SOURCE MATERIAL →
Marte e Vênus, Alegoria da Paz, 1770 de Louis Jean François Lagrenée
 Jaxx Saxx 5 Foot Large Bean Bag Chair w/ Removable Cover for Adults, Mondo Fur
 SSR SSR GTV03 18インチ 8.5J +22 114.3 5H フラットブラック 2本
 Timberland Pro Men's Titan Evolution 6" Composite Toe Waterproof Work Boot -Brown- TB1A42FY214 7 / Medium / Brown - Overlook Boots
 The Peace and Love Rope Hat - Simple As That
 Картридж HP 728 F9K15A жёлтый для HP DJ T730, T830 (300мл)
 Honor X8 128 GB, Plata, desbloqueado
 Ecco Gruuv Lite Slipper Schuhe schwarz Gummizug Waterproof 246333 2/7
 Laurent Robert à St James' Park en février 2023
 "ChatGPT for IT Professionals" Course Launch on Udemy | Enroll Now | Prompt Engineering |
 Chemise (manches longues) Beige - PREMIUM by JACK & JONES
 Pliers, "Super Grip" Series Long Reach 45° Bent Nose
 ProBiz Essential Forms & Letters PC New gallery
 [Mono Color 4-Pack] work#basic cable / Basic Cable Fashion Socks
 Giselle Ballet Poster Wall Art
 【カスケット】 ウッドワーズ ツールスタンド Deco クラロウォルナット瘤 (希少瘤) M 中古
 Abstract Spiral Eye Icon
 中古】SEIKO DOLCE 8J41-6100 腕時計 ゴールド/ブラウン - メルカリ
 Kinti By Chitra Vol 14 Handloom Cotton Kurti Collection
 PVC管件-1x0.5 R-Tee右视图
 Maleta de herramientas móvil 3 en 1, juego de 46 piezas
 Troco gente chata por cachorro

WHAT THE TASK ASKS →
In the listing above, find every line with the word "Waterproof" and copy it.

EXERCISE SOLUTION →
 Timberland Pro Men's Titan Evolution 6" Composite Toe Waterproof Work Boot -Brown- TB1A42FY214 7 / Medium / Brown - Overlook Boots
 Ecco Gruuv Lite Slipper Schuhe schwarz Gummizug Waterproof 246333 2/7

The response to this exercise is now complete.